* **Exercise description**
Return, without pictures, the lines from the start of the data through the one that contains "GROINNEYA Cat Eye".

* **Information shown**
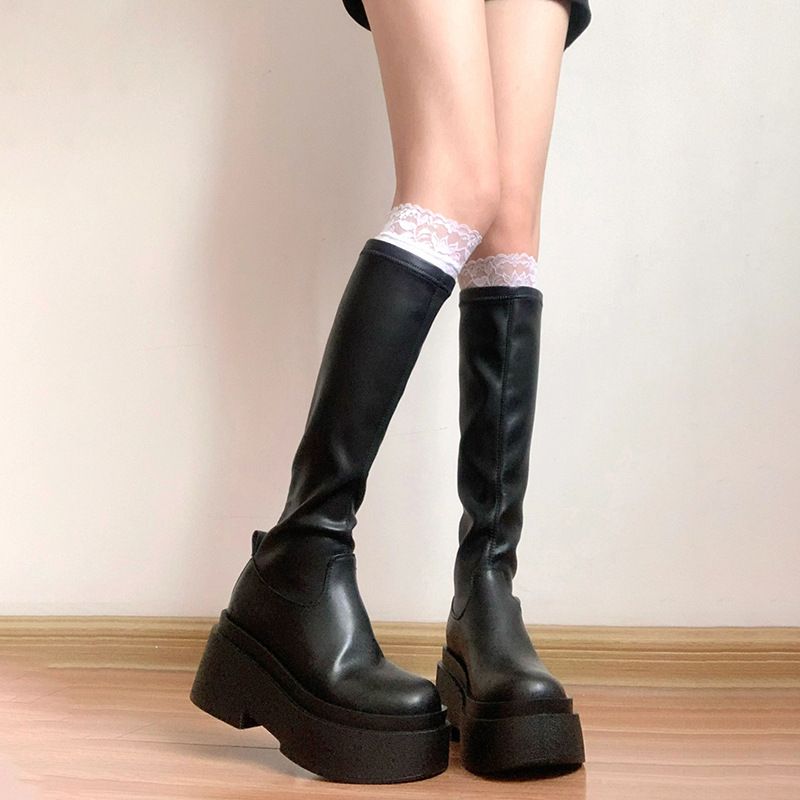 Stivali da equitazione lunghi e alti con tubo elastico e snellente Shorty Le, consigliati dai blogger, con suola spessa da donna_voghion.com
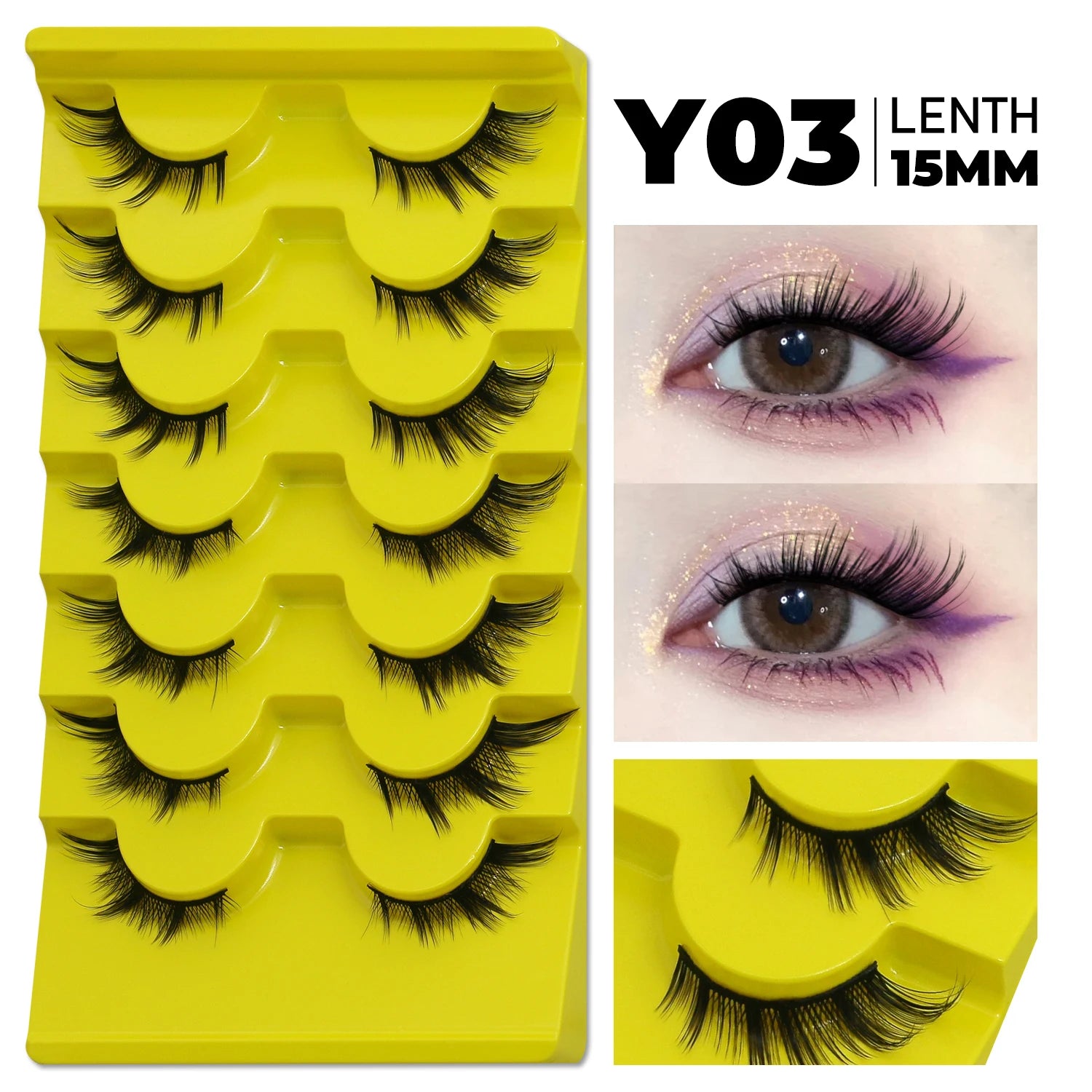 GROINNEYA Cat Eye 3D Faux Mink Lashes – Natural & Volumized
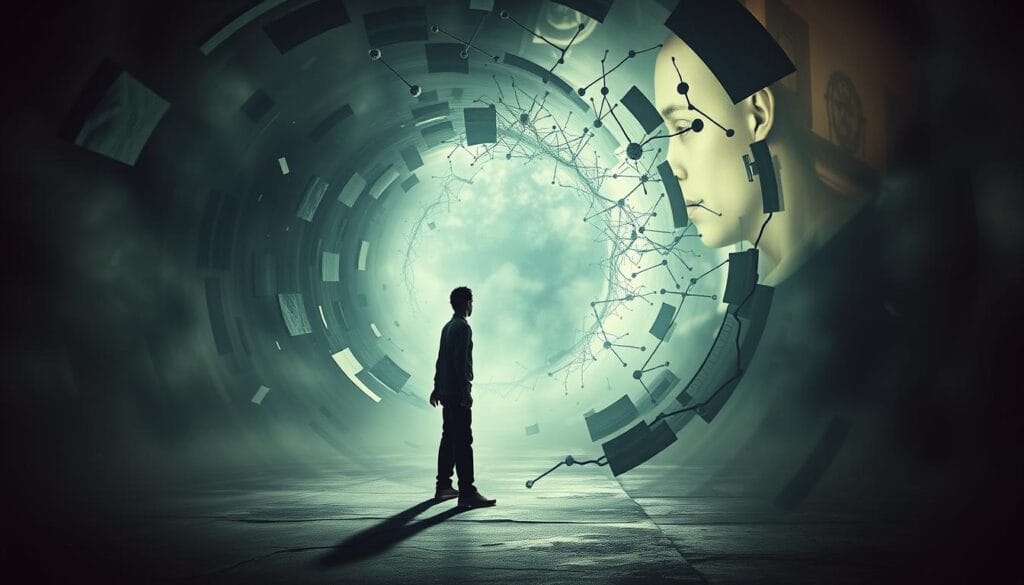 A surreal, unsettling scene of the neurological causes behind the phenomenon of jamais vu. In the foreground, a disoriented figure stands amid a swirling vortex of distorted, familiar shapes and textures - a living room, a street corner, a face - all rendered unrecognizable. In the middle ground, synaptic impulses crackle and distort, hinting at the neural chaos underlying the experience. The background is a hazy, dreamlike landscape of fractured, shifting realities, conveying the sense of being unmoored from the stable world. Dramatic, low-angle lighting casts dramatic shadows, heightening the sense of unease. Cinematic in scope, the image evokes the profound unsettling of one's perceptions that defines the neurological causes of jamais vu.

* **Output of the exercise**
 Stivali da equitazione lunghi e alti con tubo elastico e snellente Shorty Le, consigliati dai blogger, con suola spessa da donna_voghion.com
 GROINNEYA Cat Eye 3D Faux Mink Lashes – Natural & Volumized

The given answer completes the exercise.